Already,customers at the South-Korean fast-food chain No Brand Burger can avoid any interaction with a human server during the pandemic. The chain is using robots to take orders, prepare food and bring meals out to diners. Customers order and pay via touchscreen, then their request is sent to the kitchen where a cooking machine heats up the buns and patties. When it’s ready, a robot ‘waiter’ brings out their takeout bag.
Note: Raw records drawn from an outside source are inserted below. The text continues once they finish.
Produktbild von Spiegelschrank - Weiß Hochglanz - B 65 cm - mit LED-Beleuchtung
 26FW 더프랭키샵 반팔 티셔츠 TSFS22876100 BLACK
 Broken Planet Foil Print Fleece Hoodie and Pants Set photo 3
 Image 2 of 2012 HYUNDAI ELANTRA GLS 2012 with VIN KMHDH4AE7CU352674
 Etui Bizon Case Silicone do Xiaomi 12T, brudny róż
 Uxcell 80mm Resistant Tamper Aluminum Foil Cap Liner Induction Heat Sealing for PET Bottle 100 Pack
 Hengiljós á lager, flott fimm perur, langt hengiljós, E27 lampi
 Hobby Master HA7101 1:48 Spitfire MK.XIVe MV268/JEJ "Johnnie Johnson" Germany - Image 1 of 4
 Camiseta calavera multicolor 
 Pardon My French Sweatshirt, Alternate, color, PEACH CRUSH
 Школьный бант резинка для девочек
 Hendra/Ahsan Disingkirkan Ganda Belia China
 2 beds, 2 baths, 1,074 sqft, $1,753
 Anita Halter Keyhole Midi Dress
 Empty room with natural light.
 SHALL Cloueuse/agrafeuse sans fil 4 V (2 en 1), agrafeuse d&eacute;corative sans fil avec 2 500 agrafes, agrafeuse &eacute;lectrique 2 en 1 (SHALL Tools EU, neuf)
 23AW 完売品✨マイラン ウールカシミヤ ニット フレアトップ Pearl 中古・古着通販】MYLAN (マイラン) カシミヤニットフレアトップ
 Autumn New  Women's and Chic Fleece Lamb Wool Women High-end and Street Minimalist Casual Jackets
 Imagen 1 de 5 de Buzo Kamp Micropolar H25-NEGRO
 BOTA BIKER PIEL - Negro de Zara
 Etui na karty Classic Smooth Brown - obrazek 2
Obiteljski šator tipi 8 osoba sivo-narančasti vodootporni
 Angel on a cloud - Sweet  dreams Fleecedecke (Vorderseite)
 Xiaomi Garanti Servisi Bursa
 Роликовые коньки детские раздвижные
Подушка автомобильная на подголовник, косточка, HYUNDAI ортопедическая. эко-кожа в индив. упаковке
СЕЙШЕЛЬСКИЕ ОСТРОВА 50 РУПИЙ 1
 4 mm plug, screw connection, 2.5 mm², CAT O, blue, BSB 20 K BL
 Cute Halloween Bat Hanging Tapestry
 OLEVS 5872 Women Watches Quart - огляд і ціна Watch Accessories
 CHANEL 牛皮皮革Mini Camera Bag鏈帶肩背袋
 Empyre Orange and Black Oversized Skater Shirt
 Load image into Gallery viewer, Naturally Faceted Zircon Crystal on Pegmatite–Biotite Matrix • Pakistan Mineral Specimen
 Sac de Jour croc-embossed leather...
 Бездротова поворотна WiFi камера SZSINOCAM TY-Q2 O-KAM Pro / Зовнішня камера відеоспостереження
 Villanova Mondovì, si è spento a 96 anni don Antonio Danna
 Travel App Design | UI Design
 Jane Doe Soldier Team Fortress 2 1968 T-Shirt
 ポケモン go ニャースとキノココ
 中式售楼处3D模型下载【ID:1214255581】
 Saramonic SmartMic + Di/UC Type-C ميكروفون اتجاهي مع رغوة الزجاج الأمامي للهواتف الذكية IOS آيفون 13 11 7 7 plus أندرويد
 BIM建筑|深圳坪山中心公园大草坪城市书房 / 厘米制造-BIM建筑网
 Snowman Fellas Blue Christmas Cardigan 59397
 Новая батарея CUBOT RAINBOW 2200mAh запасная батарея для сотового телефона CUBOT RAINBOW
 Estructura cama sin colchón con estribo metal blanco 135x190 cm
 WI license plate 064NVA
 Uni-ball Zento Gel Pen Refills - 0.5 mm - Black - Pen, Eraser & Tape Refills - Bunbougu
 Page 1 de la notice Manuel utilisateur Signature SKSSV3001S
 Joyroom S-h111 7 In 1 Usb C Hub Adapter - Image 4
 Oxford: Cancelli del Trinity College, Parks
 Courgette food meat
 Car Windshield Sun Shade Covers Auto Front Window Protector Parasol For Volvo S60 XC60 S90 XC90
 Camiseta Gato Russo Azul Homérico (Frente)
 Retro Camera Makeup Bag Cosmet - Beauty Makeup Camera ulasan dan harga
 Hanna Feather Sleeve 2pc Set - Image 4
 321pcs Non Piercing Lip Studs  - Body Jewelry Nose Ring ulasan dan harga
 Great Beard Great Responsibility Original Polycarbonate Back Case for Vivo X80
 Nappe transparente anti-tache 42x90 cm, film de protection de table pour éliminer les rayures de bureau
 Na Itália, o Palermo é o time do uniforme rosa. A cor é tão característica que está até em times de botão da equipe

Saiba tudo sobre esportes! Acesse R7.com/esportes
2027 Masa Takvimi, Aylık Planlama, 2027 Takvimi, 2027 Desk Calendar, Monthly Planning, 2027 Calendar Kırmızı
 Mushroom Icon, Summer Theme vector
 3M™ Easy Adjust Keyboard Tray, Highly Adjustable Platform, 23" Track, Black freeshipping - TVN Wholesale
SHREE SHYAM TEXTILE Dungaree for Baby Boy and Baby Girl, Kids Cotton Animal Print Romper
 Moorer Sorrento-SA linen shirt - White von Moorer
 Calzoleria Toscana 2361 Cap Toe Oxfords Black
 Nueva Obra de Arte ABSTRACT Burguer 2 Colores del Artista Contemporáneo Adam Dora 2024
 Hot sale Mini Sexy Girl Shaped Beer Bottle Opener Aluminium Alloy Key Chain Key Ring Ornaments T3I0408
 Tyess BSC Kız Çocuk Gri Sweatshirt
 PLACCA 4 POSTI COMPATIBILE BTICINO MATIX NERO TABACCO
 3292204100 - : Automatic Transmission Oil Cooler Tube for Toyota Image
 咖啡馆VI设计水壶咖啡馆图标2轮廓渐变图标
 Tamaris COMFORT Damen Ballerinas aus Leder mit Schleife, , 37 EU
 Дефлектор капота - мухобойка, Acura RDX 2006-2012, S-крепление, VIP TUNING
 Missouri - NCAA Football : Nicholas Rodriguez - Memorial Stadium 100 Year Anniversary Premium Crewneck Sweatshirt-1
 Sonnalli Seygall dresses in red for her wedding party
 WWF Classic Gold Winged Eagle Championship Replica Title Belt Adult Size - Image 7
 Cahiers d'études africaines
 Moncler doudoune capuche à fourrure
‘This is the first time I’ve actually seen such robots, so they are really amazing and fun,’ Shin Hyun Soo, an office worker at No Brand in Seoul for the first time, told the AP.
Human workers add toppings to the burgers and wrap them up in takeout bags before passing them over to yellow-and-black serving robots, which have been compared to Minions.
Also in Korea, the Italian restaurant chain Mad for Garlic is using serving robots even for sit-down customers. Using 3D space mapping and other technology, the electronic ‘waiter,’ known as Aglio Kim, navigates between tables with up to five orders. Mad for Garlic manager Lee Young-ho said kids especially like the robots, which can carry up to 66lbs in their trays.
These catering robots look nothing like their human counterparts – in fact they are nothing more than glorified food trolleys so using our thumb rule from the movies, mankind is safe from imminent takeover but clearly Korean hospitality sector workers’ jobs are not.
And right there is the dichotomy – replacement by stealth. Remote-controlled robotic waiters and waitresses don’t need to be paid, they don’t go on strike and they don’t spread disease so it’s a sure bet their army is already on the march.
But there may be more redundancies on the way as well. Have you noticed how AI designers have an inability to use words of more than one syllable? So ‘robot’ has become ‘bot’ and ‘android’ simply ‘droid? Well, guys, if you continue to build machines ultimately smarter than yourselves you ‘rons may find yourself surplus to requirements too – that’s ‘moron’ to us polysyllabic humans”!